[DATA IN THIS EXERCISE]
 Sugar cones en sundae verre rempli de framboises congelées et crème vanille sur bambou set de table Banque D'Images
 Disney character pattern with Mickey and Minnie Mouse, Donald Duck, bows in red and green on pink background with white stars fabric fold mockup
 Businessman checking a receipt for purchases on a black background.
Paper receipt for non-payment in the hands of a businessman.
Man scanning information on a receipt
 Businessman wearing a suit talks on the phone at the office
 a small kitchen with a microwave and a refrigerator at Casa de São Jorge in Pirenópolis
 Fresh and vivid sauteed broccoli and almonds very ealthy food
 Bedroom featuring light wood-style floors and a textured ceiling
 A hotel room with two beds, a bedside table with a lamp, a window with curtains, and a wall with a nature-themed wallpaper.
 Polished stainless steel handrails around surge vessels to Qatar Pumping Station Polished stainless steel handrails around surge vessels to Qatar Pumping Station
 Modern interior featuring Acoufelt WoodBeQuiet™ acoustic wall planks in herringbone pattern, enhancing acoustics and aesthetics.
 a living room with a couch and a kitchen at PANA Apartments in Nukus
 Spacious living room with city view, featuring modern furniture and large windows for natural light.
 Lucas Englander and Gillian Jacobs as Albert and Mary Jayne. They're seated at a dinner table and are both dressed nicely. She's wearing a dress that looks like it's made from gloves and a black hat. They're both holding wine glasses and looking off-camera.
[/DATA IN THIS EXERCISE]
TASK - Only the lines above starting at the line that holds "Man scanning information on a receipt" and ending at the line that holds "A hotel room" are to be repeated, exactly and in full.

EXPECTED ANSWER -
Man scanning information on a receipt
 Businessman wearing a suit talks on the phone at the office
 a small kitchen with a microwave and a refrigerator at Casa de São Jorge in Pirenópolis
 Fresh and vivid sauteed broccoli and almonds very ealthy food
 Bedroom featuring light wood-style floors and a textured ceiling
 A hotel room with two beds, a bedside table with a lamp, a window with curtains, and a wall with a nature-themed wallpaper.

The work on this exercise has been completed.